See the Ebisu v3 RFC.

Ebisu v3 and Stan

Stan is, for our purposes, a Monte Carlo solver. Given a Bayesian model and some data, it computes the model's parameters by very intelligently drawing thousands of samples from the probability distribution of the unknowns after applying all the data. Since Ebisu is a Bayesian model, where for v3 the unknowns are the initial halflife and the ideal boost factor, we can write its model in the Stan format, ebisu3_binomial.stan, and ask Stan to do all the heavy lifting. Then we can compare Stan's estimate of our unknowns to the estimates Ebisu v3 computes.

So.

See ebisu3_stan.py for a quick script that

  1. loads your collection.anki2 Anki database of flashcard history (if you export your Anki deck to an apkg file and unzip that, this collection.anki2 file, which is a SQLite database file, will be inside), cleans the reviews, converts timestamps to elapsed hours, etc.,
  2. finds a few cards (e.g., a card that you got "right" >85% of reviews),
  3. applies Ebisu v3 and Stan to each.

To run this, you'll need the following setup (for macOS/Unix):

python -m pip install cmdstanpy scipy matplotlib pandas   # install dependencies
python -c "import cmdstanpy; cmdstanpy.install_cmdstan()" # build cmdstan

Of course ebisu3_stan.py can be adapted to use another source of flashcard data (not Anki).

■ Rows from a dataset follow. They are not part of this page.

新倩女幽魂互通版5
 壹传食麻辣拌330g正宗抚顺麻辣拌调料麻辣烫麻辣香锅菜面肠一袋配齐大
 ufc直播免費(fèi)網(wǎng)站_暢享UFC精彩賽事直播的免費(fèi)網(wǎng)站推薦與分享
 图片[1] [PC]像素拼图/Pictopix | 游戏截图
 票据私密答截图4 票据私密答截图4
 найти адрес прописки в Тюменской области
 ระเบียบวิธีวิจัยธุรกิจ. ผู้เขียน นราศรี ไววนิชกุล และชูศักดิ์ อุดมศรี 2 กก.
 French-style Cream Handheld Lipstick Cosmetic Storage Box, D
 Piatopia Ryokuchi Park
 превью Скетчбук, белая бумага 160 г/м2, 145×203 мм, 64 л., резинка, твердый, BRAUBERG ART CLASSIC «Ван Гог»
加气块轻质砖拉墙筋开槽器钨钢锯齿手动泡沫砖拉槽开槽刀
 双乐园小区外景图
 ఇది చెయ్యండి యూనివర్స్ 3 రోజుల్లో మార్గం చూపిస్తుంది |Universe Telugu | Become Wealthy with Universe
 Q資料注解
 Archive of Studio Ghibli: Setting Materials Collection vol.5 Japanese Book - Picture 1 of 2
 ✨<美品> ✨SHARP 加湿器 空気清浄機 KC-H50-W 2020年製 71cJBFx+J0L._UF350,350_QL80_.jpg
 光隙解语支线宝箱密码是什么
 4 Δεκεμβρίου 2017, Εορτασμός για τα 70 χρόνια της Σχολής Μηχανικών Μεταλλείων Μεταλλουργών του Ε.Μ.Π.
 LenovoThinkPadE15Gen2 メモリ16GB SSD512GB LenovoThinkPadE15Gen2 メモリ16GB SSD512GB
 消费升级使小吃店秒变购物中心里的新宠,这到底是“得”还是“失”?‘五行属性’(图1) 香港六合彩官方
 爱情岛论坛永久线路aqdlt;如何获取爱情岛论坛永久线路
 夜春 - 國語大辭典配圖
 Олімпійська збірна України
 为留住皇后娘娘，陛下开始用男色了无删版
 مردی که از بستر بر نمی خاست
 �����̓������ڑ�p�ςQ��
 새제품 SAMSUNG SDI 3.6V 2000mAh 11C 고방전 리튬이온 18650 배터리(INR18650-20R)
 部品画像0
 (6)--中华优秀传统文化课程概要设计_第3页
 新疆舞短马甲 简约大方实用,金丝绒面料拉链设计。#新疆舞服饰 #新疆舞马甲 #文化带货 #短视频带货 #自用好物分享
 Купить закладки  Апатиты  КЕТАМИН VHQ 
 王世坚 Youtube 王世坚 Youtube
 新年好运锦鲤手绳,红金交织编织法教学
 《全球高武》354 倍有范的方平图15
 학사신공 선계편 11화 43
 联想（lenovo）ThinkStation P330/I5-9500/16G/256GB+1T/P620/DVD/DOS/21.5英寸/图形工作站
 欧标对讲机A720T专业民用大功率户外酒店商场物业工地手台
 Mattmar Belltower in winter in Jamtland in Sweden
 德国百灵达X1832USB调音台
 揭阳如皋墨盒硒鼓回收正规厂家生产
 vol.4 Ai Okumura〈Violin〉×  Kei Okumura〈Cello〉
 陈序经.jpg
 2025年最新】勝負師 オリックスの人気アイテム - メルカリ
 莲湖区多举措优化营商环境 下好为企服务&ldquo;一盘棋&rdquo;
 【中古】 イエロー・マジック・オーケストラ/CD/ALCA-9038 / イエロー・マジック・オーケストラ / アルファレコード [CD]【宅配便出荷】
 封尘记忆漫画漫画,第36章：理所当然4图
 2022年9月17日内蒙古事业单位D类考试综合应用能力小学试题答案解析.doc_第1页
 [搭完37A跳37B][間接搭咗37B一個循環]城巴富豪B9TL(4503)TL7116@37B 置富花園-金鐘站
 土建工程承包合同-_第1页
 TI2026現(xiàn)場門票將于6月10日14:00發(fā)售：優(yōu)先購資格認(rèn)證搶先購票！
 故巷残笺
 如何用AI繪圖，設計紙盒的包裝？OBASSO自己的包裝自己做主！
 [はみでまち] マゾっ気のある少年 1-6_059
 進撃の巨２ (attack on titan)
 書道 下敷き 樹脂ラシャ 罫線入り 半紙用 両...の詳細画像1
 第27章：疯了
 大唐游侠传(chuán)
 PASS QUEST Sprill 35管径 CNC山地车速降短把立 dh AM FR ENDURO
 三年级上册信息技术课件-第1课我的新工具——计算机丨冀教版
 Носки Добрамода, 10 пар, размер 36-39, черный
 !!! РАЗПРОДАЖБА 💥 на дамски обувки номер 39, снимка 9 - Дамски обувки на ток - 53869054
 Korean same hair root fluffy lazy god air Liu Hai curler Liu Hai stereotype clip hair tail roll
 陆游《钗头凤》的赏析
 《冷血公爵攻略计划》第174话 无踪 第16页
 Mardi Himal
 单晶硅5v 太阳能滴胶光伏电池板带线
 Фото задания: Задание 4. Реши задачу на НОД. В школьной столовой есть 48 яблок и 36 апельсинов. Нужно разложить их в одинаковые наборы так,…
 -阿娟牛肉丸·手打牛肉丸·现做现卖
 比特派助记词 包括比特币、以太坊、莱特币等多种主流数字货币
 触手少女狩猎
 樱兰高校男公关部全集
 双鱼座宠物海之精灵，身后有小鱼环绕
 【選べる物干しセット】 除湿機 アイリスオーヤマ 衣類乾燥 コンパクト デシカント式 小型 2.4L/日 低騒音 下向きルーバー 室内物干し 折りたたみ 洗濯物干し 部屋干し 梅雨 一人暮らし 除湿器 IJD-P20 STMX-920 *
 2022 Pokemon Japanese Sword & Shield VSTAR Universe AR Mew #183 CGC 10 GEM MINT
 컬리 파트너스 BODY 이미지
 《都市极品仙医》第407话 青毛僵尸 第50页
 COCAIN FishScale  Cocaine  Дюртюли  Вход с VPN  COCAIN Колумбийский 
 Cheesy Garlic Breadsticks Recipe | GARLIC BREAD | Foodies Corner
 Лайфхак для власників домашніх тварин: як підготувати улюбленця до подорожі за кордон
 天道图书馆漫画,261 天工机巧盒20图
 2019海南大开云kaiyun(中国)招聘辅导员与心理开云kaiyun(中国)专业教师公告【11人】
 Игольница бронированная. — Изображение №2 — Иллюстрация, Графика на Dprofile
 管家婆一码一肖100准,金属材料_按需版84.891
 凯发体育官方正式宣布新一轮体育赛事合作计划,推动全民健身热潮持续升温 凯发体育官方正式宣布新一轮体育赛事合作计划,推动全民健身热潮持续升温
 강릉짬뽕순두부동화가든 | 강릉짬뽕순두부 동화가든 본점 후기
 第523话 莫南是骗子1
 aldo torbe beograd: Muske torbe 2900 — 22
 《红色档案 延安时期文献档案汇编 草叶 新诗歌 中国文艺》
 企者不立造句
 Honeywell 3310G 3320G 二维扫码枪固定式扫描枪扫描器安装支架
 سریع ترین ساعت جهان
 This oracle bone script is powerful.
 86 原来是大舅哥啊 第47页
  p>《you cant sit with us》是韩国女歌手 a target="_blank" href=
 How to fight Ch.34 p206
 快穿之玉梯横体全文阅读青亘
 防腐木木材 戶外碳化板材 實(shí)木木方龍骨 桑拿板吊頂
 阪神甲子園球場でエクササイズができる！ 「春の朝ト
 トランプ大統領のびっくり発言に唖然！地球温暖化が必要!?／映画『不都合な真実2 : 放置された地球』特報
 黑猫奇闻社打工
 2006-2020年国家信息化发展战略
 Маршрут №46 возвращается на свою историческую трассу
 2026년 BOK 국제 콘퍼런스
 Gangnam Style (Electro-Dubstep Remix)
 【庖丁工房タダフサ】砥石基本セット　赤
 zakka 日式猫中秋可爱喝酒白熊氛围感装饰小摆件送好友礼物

It also demonstrates how to run just Ebisu v3.

When I run python ebisu3_stan.py, it currently loads four flashcards, printing the following output:

loaded SQL data, 16623 rows
split flashcards into train/test, 190 cards in train set

followed by some Stan output and a few Markdown lists with numbers—in the below, the units of init hl are hours, and boost is unitless.

  • Card 1300038030806
    • Stan
      • hl0 mean=20.74, std=11.32
      • boost mean=2.594, std=0.5313
    • Ebisu v3
      • hl0 mean=20.65, std=11.55
      • boost mean=2.605, std=0.5449
    • percent difference
      • hl0 mean: -0.454%
      • hl0 std : 2.04%
      • boost mean: 0.402%
      • boost std : 2.56%
  • Card 1300038030504
    • Stan
      • hl0 mean=25.19, std=10.48
      • boost mean=2.57, std=0.636
    • Ebisu v3
      • hl0 mean=25.2, std=10.71
      • boost mean=2.565, std=0.6402
    • percent difference
      • hl0 mean: 0.0543%
      • hl0 std : 2.26%
      • boost mean: -0.2%
      • boost std : 0.662%
  • Card 1300038030485
    • Stan
      • hl0 mean=28.91, std=12.43
      • boost mean=2.845, std=0.6788
    • Ebisu v3
      • hl0 mean=28.77, std=12.27
      • boost mean=2.846, std=0.6797
    • percent difference
      • hl0 mean: -0.471%
      • hl0 std : -1.28%
      • boost mean: 0.00829%
      • boost std : 0.135%
  • Card 1300038030542
    • Stan
      • hl0 mean=26.75, std=11.93
      • boost mean=2.92, std=0.674
    • Ebisu v3
      • hl0 mean=26.7, std=12.07
      • boost mean=2.918, std=0.678
    • percent difference
      • hl0 mean: -0.184%
      • hl0 std : 1.2%
      • boost mean: -0.0872%
      • boost std : 0.589%

As you can see, Ebisu and Stan agree quite well on both the mean (very close) and the standard deviation (a bit less close…) of the final estimate of both the initial halflife and boost, for these four flashcards at least.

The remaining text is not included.